2. The difficulty, not to say virtual impossibility, of the task faced by the regulator and providers should not be underestimated. Thus, for the lawful but harmful category, the government has said that it will include online abuse as a priority category in secondary legislation. However, on the basis of these proposals that must be limited to abuse that falls within the general definition of harm – i.e. abuse that presents a reasonably foreseeable risk of a significant adverse physical or psychological impact on individuals. The provider’s actions under the duty of care should relate only to such harmful abuse. Where, concretely, is the dividing line between abuse that does and does not carry a foreseeable risk of adverse psychological impact? What content falls on either side of the line?
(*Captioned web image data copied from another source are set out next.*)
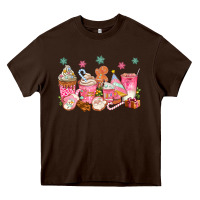 Chocolate Brown Pink gingerbread coffee cups Heavy Core Tee - texasbilliewilder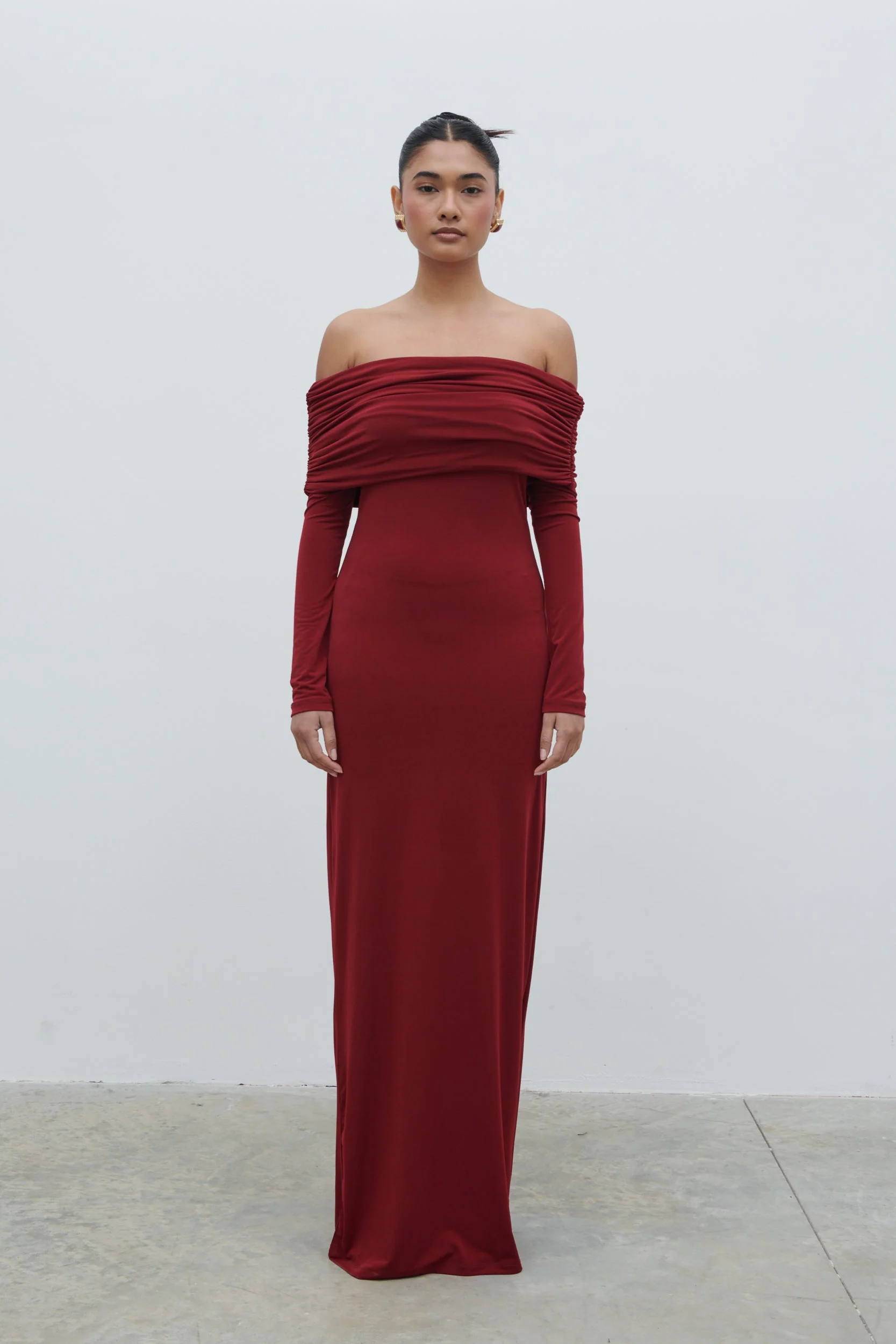 Perrie Bardot Jersey Maxi Dress - Burgundy - Image 7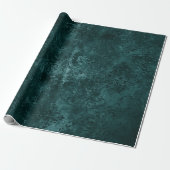 Papier Cadeau Velvety Turquoise Damask | Grunge vert foncé Baroq (Déroulé)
The provider would also have to take into account the proposed obligation not to remove controversial viewpoints and the possibility of user redress for unduly restricting their freedom of expression. Coincidentally, the Divisional Court in Scottow v CPS has in the last few days issued a judgment in which it referred to “the well-established proposition that free speech encompasses the right to offend, and indeed to abuse another”.
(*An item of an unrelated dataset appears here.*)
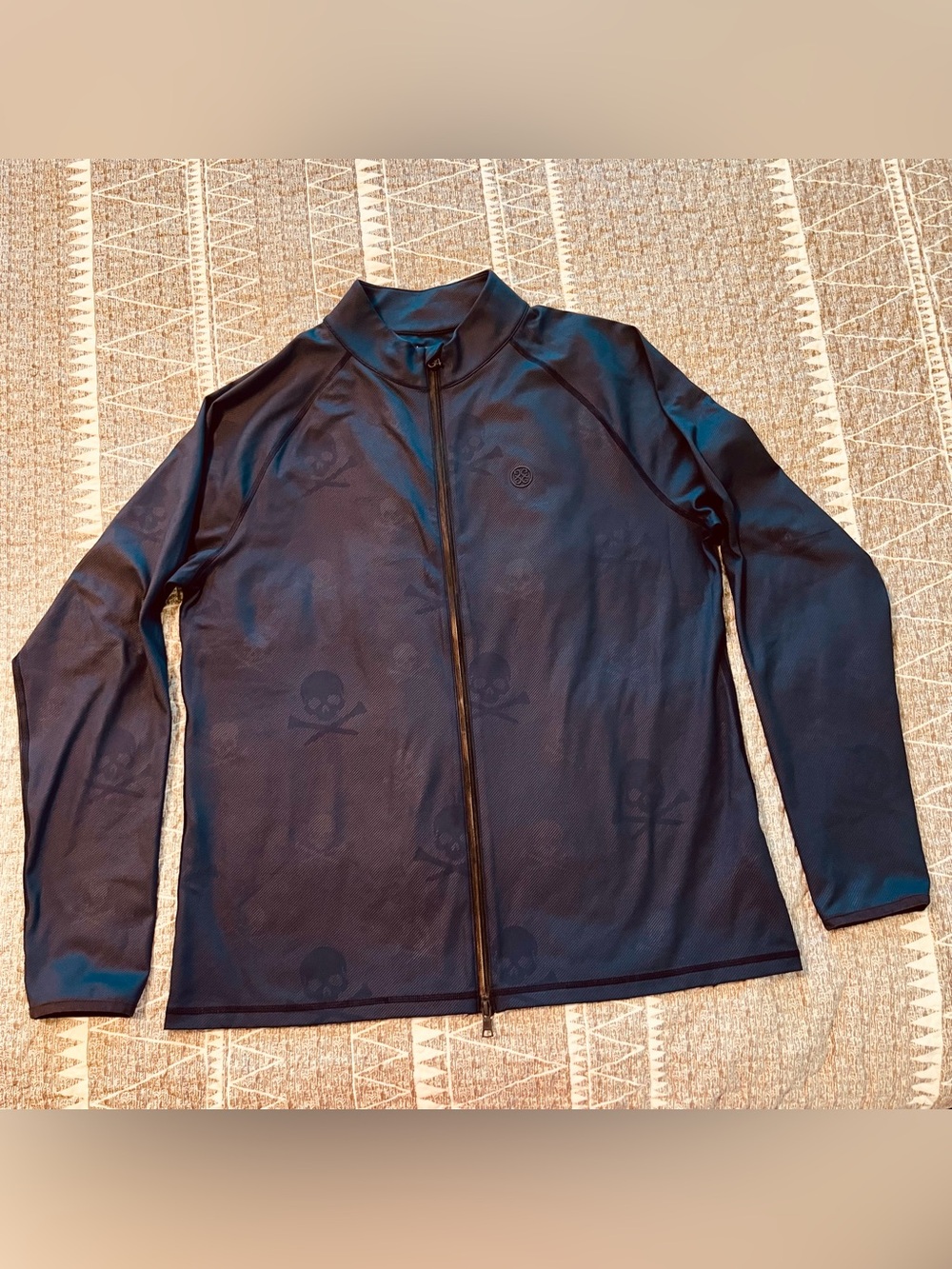 GFore G4 Skull Crossbones Allover Print Golf Jacket Navy XL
These issues illustrate the care that has to be taken with using terms such as ‘online abuse’ to cover everything from strong language, through insults, to criminal threats of violence.
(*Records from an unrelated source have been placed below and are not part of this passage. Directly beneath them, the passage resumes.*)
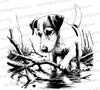 "Puppy exploring creek black and white SVG and JPEG design for crafting and decor."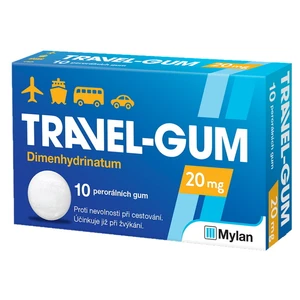 TRAVEL GUM 20 mg léčivá žvýkací guma 10 kusů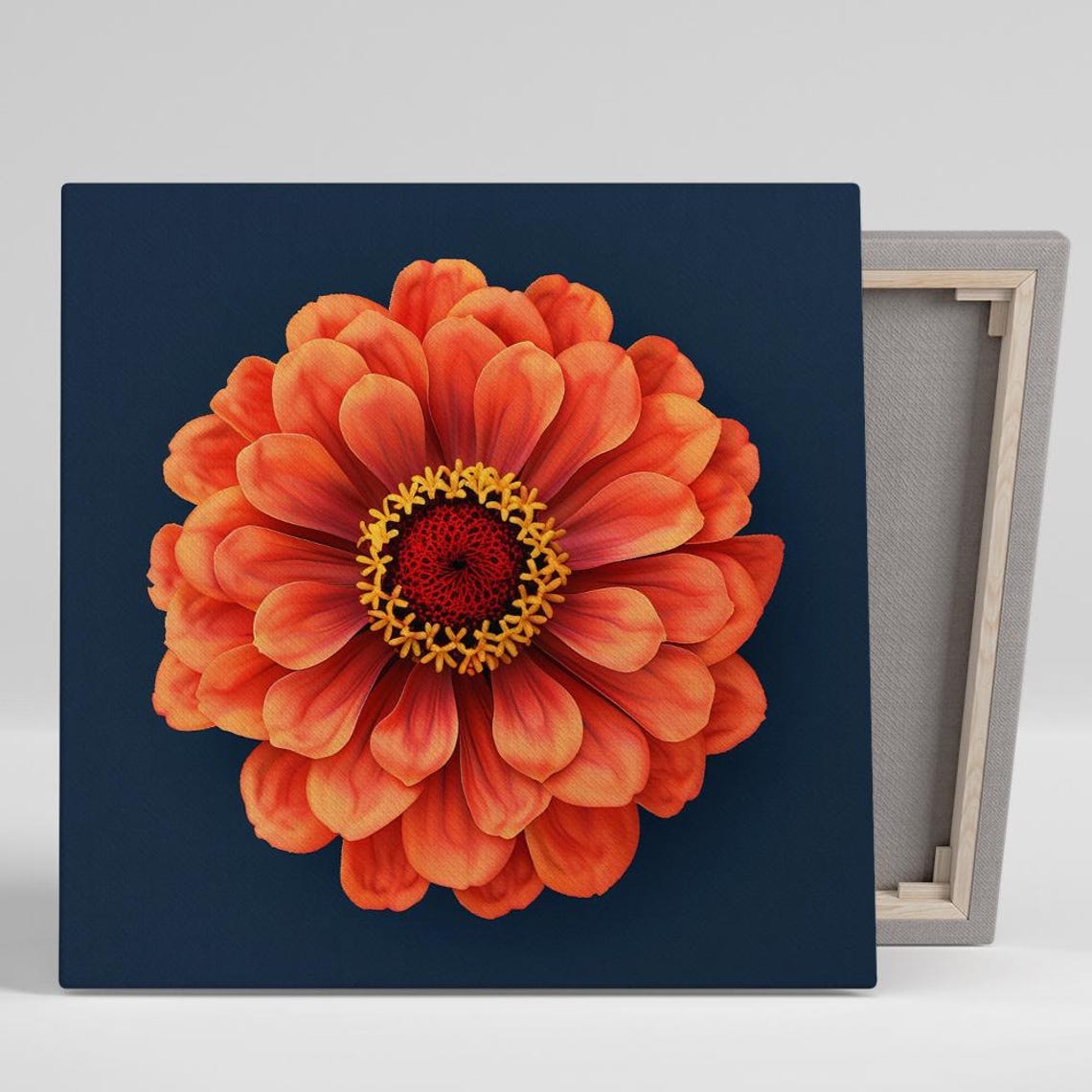 Orange Zinnia Gold Star Center Navy Background Bold Floral Poster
3. What is the threshold to trigger the duty of care? Is it the risk that someone, somewhere, might read something and claim to suffer an adverse psychological impact as a result? Is it a risk gauged according to the notional attributes of a reasonably tolerant hypothetical user, or does the standard of the most easily upset apply? How likely does it have to be that someone might suffer an adverse psychological impact if they read it? Is a reasonably foreseeable, but low, possibility sufficient? 

The Media Minister John Whittingdale, writing in the Daily Mail on the morning of the publication of the Final Response, said:

“This is not about an Orwellian state removal of content or building a ‘woke-net’ where causing offence leads to instant punishment.  Free speech includes the right to offend, and adults will still be free to access content that others may disapprove of.”

If risk and harm thresholds are sufficiently low and subjective, that is what would result.

4. Whatever the risk threshold might be, would it be set out in tightly drawn legislation or left to the discretion of Ofcom? It will not be forgotten that Ofcom, in a 2018 survey, suggested to respondents that ‘bad language’ is a harmful thing. A year later it described “offensive language” as a “potential harm”.

5. Lastly, in the absence of deliberate intent an author owes no duty avoid causing harm to a reader of their work, even though psychological injury may result from reading it. That was confirmed by the Supreme Court in Rhodes. The government’s proposals would therefore mean that an intermediary would have a duty to consider taking steps in relation to material for which the author itself has no duty of care.

These are difficult issues that go to the heart of any proposal to impose a duty of care. They ought to have been the subject of debate over the last couple of years. Unfortunately they have been buried in the rush to include every conceivable kind of harm - however unsuited it might be to the legal instrument of a duty of care - and in discussions of ‘systemic’ duties of care abstracted from consideration of what should and should not amount to harm.

It should be no surprise if the government’s proposals became bogged down in a quagmire resulting from the attempt to institute a universal law of everything, amounting to little more than a vague precept not to behave badly online. The White Paper proposals were a castle built on quicksand, if not thin air.

The proposed general definition of harm, while not perfect, gives some shape to the edifice. It at least sets the stage for a proper debate on the limits of a duty of care, the legally protectable nature of personal safety online, and its relationship to freedom of speech – even if that should have taken place two years ago. Whether regulation by regulator is the appropriate way to supervise and police an appropriately drawn duty of care in relation to individual speech is another matter.